> **Work task**:
Given the records below, the lines starting at the line with "Magnetic leather phone" and ending at the line with "Super Mario and" should be output exactly, both end lines kept and pictures left out.

> **Raw data**:

⟨

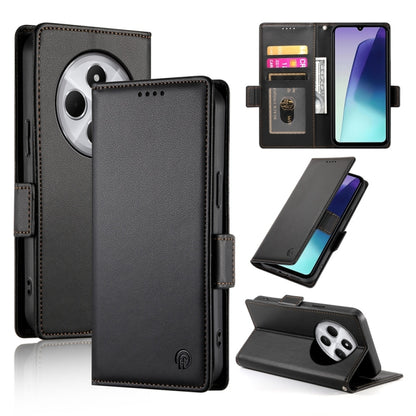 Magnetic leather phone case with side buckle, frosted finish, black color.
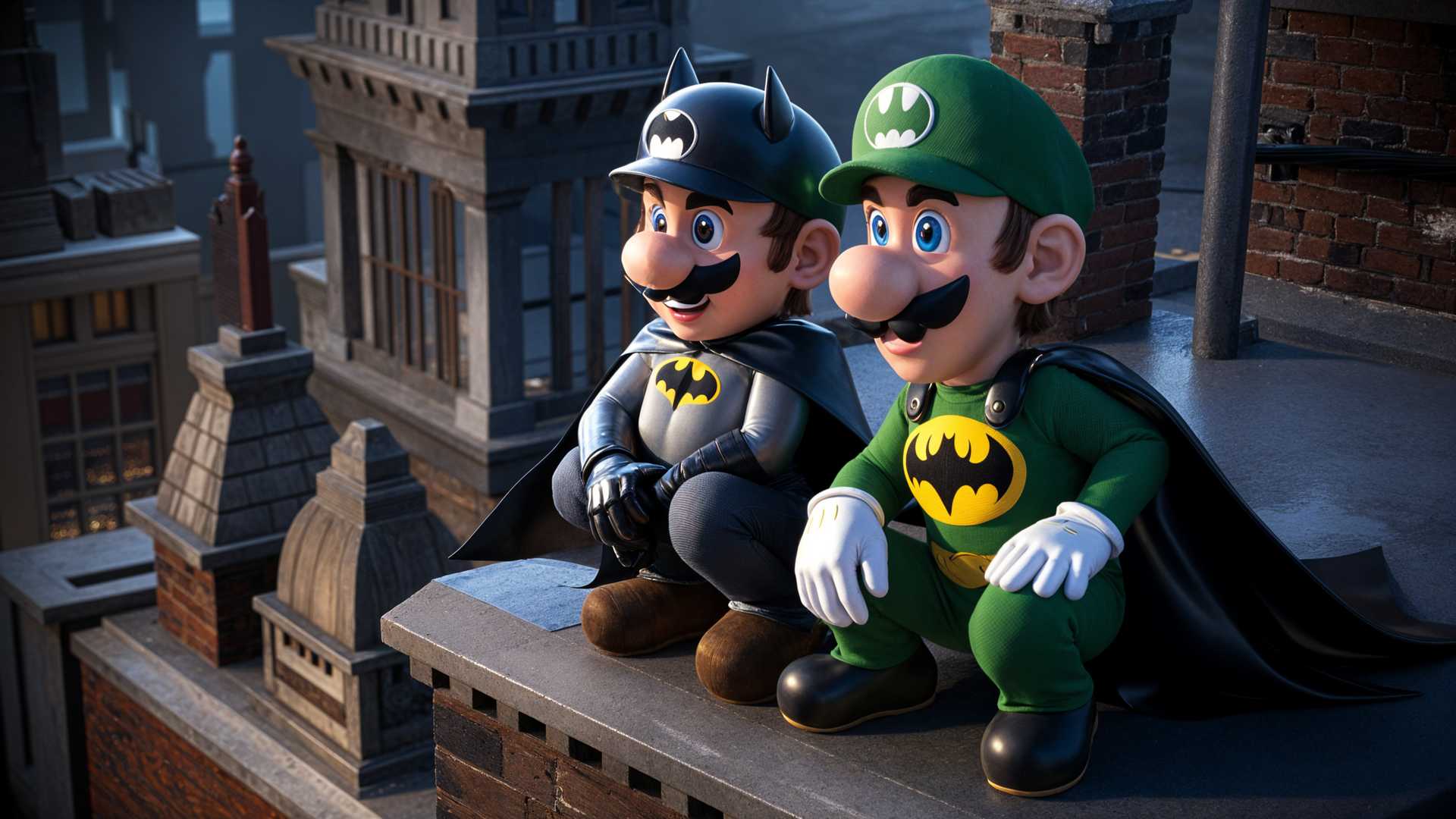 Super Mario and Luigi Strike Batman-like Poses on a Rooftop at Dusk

⟩
⟨

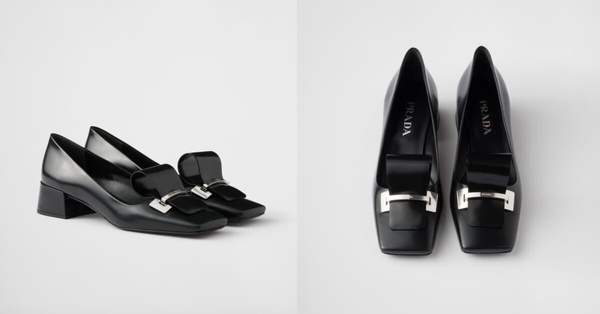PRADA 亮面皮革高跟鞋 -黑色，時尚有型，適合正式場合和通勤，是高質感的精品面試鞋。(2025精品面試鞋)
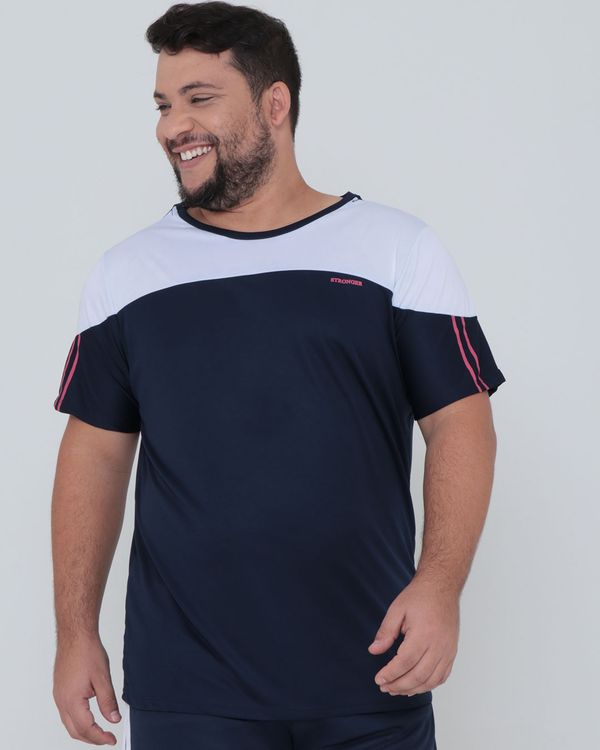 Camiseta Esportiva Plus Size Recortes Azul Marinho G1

⟩

> **Solution to the problem**:
 Magnetic leather phone case with side buckle, frosted finish, black color.
 Super Mario and Luigi Strike Batman-like Poses on a Rooftop at Dusk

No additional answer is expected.